**The task**
Only the lines from the one containing "水仙百合鲜花云南基地直发" to the end of the records should be given again, word for word and in full.

**Provided data**
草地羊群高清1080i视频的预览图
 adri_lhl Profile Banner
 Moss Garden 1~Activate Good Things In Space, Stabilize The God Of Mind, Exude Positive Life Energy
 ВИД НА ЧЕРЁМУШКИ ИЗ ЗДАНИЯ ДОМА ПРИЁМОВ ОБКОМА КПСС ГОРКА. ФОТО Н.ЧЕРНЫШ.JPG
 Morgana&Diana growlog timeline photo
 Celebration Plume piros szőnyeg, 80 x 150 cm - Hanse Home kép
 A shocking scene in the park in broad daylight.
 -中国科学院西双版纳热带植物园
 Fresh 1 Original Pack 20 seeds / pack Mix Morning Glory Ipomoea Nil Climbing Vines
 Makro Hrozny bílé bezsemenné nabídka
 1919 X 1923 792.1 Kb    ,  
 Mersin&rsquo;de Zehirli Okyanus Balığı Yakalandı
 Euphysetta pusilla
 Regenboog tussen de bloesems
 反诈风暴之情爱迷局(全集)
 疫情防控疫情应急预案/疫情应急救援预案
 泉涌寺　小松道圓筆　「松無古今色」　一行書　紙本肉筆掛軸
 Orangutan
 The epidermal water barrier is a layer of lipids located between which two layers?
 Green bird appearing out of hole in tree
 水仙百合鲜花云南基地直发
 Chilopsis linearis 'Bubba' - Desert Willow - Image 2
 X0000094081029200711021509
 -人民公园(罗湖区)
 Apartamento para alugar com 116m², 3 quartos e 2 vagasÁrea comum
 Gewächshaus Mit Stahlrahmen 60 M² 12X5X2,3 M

**Exercise solution**
 水仙百合鲜花云南基地直发
 Chilopsis linearis 'Bubba' - Desert Willow - Image 2
 X0000094081029200711021509
 -人民公园(罗湖区)
 Apartamento para alugar com 116m², 3 quartos e 2 vagasÁrea comum
 Gewächshaus Mit Stahlrahmen 60 M² 12X5X2,3 M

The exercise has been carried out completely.